O repórter trocou a dupla jornada pra ganhar menos e
trabalhar mais pelo nome, pela história e pelo charme da redação que era um
grande H, com a metade de uma das traves de futebol americano da letra cortada
pelo espaço da fotografia. Por lá o repórter passou quase despercebido, observando,
fazendo amigos e viajando, inclusive. Viu o São João de Campina Grande, as
montanhas de Maccu Picchu, a Ilha do Sol e aprendeu todo dia conhecendo o Rio
de Janeiro natal, na louca rotina da editoria Cidade de um grande jornal durante
quase três anos até a troca pelo meio-termo entre aquilo e a revista mensal.

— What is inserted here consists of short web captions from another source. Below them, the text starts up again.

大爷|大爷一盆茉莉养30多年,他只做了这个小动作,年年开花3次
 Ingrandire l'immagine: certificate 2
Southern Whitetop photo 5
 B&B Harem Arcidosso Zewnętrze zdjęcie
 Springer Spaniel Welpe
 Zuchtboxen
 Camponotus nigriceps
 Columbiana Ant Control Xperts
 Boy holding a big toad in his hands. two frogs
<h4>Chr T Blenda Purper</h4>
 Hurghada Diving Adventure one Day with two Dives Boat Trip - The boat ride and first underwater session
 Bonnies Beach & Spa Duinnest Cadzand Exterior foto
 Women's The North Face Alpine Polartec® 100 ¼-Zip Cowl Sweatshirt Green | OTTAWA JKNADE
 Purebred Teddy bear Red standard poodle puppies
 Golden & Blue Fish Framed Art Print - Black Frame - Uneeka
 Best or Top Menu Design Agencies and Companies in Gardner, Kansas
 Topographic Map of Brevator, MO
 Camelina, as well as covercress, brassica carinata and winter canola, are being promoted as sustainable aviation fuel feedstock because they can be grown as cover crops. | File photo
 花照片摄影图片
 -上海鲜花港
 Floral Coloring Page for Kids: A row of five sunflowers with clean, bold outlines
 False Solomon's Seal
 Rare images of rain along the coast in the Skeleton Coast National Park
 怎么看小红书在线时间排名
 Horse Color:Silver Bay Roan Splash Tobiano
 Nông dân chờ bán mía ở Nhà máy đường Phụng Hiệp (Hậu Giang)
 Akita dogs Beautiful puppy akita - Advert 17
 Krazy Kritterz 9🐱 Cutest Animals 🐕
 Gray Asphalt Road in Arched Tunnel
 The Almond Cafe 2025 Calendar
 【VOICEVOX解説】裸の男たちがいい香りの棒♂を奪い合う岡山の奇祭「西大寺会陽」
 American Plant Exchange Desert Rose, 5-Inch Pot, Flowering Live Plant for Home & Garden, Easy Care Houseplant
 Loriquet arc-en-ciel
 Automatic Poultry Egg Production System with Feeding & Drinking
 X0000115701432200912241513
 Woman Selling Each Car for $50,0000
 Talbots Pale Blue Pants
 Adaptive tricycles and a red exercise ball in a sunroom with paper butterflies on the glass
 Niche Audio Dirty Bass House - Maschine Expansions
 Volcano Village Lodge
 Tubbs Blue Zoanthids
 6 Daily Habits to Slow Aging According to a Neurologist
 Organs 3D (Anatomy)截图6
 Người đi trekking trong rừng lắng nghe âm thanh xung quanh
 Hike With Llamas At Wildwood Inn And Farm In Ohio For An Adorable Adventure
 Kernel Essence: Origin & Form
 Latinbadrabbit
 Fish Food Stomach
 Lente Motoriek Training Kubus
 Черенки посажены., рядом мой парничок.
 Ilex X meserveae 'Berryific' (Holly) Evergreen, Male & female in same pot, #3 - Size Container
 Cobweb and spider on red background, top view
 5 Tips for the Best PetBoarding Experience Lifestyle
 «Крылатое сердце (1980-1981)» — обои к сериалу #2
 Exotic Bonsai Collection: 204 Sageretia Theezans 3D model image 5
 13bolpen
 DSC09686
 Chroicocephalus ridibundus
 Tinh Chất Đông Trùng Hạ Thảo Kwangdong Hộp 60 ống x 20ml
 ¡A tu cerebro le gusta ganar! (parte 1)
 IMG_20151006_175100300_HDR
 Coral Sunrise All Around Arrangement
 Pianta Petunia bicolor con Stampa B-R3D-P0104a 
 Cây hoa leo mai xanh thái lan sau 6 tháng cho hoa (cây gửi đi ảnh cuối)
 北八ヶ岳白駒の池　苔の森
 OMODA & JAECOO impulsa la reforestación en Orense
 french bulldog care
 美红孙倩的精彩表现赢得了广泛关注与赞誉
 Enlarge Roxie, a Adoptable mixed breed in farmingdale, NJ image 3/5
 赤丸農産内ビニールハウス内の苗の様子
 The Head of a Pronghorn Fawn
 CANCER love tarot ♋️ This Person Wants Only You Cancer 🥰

Na sucursal carioca da revista semanal de celebridades (no
início nem tanto), o repórter trabalhou por quase seis anos e viajou mais
ainda. Viu o céu mais estrelado da vida em meio à caatinga do sertão piauiense,
acompanhou a transformação do roqueiro em romântico, cantando em espanhol entre
a Cidade do México e Miami, e presenciou também, antes de cortar quiabo em
Santo Amaro da Purificação, na Bahia, o samba de roda na casa de Dona Canô com
ela ativa ainda, a dois dias dos noventa e cinco.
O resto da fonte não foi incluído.